Story of Oshun | Canada

Art Pavilion – Story told by line

The Myth

According to the Orisha legend, Olodumare, the god of all gods, sent the female deity Oshun down to earth to create a world with a group of male deities. Oshun wore a gold dress and jewelry. She was dark, beautiful, and quite flirtatious. While they admired her beauty, the male gods didn’t think that they needed Oshun’s help to create a world. Frustrated that she wasn’t getting the reverence she deserved, Oshun left this boy’s club and went to the moon, where she lounged and admired herself in the mirror. Oshun didn’t try to convince the male gods of her value or demand reassurance that she was worthy — she just left. She knew they wouldn’t get far without her.

Oshun’s departure caused the Earth to dry up. Without water, there weren’t any plants or animals. There was no life. The gods didn’t know what was going on; they didn’t connect their failed attempt of creation to the missing goddess. Confused by their lack of success, they went back and informed Olodumare that they couldn’t create the world he had requested. The gods explained that the world was barren. Olodumare looked at them quizzically, noticing that Oshun was no longer with the group.
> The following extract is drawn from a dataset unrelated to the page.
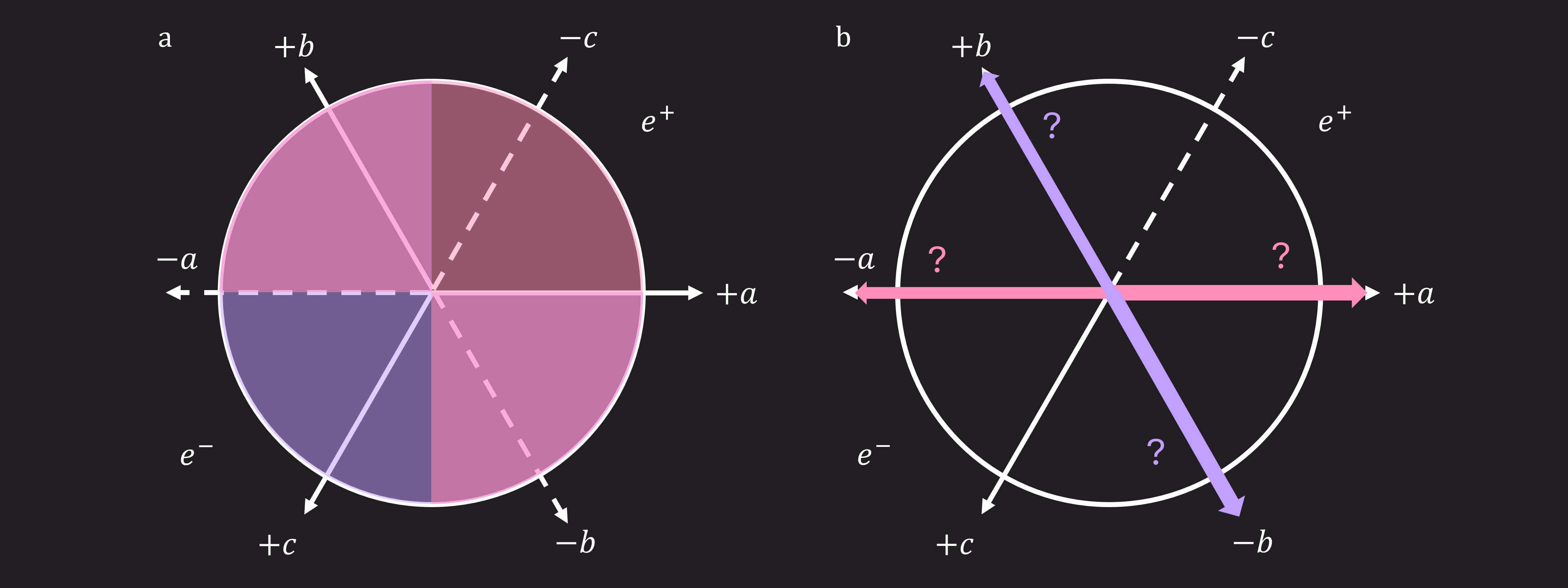 Una distribuzione di probabilità sfocata viene mostrata ancora una volta, questa volta con i tre nuovi assi a, b e c. Ciò comporta diverse probabilità di misura lungo le varie direzioni.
He explained to them that Oshun — her love, beauty, and energy — was essential to create the world and life on it. The chagrined gods apologized to Oshun and begged her to come back and provide her life-giving energy and love. She accepted their apology, but sternly told them not to treat her dismissively again. Upon her return, the world became fertile and beautiful.

Story told by line

This installation is an architectural commentary, or better yet, an architectural translation of one of the archetypal stories whose matrix we can observe as ontological to all stories in general.

The “story of the Goddess”, shows us the dynamics of events that we can notice in all religious stories, but also in all the old myths, fairy tales, etc. God, singularly one, separates from the beginning on the masculine and feminine principle (two oppositions), in order to develop the multitude. The “multitude” is a necessary construction within which individuation is possible. One – many – one. The archetypal matrix of each story.

The story of the Goddess depicts conflict. Conflict, which as we know is necessary for every maturation. Within the conflict, a “Wrong,” or anti-thesis is recognized. Only with conflict, the principle of contrasting oppositions is obvious, and only with this knowledge, the conflict is overcomeble. The female principle, which retreats to the Moon (the symbol of the woman, in relation to the Sun, which is the symbol of the man), and with its separation stops the process of multiplication (the principle of many).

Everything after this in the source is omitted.